- Task directions
Keep each entry exactly as written when you repeat it, and skip the images.

- Supplied records
=======
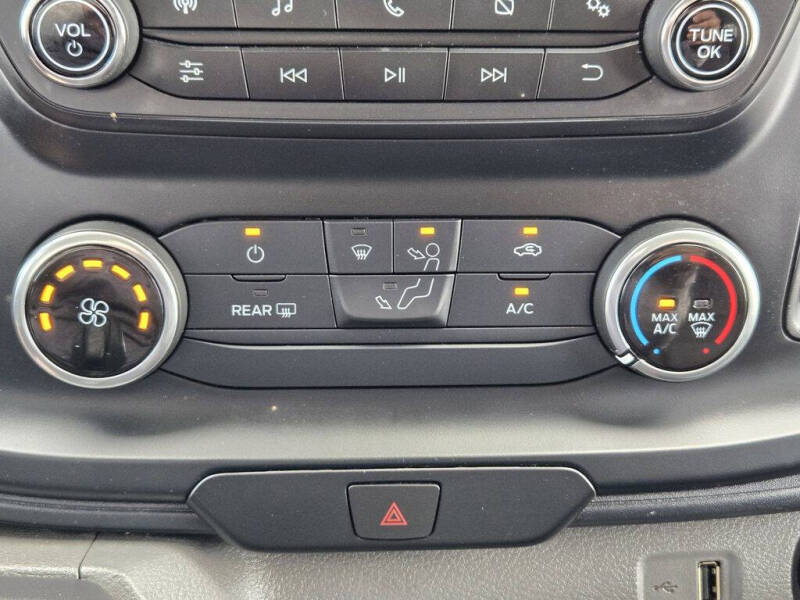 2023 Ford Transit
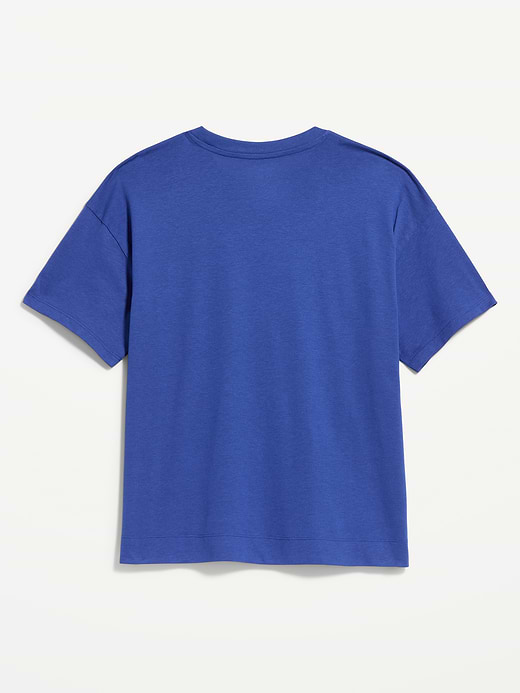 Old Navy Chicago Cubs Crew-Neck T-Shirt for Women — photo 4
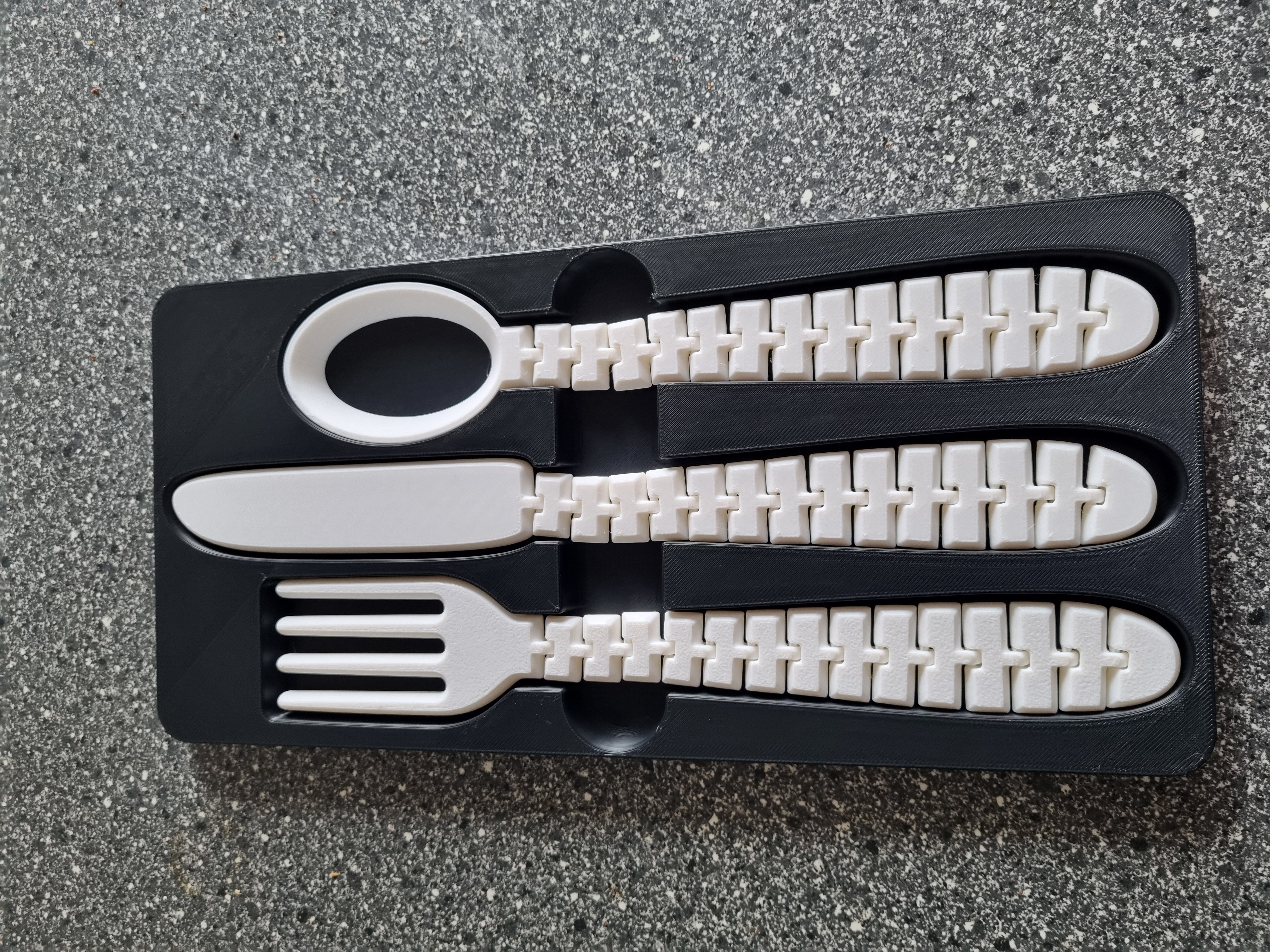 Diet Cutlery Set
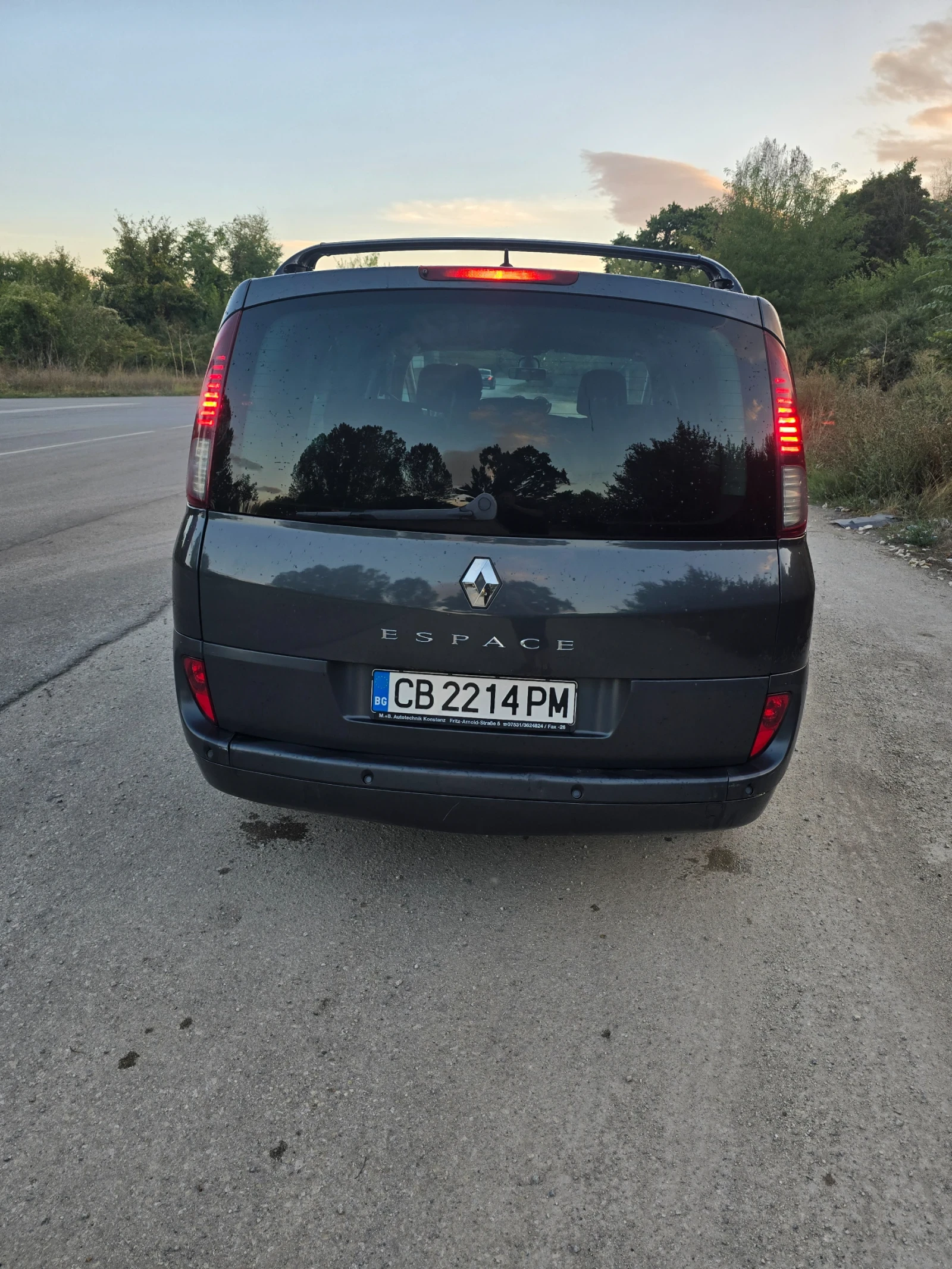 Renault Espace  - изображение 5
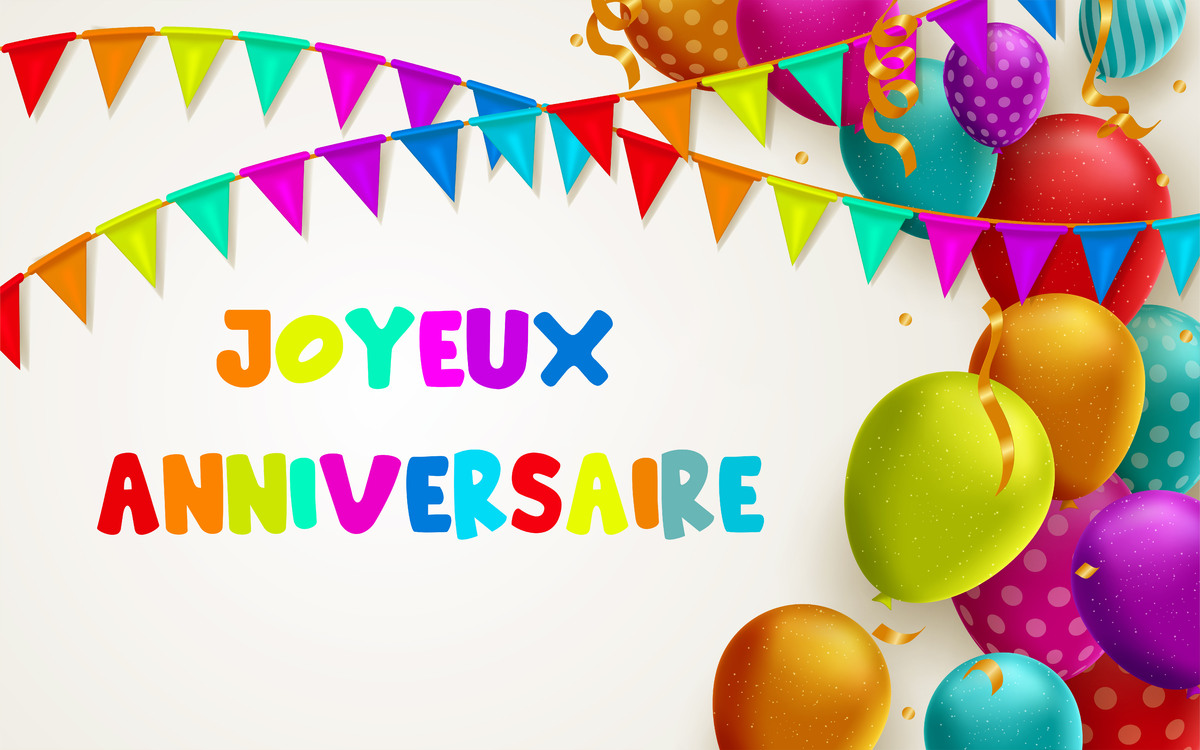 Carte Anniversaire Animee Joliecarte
=======
- Finished exercise
 2023 Ford Transit
 Old Navy Chicago Cubs Crew-Neck T-Shirt for Women — photo 4
 Diet Cutlery Set
 Renault Espace  - изображение 5
 Carte Anniversaire Animee Joliecarte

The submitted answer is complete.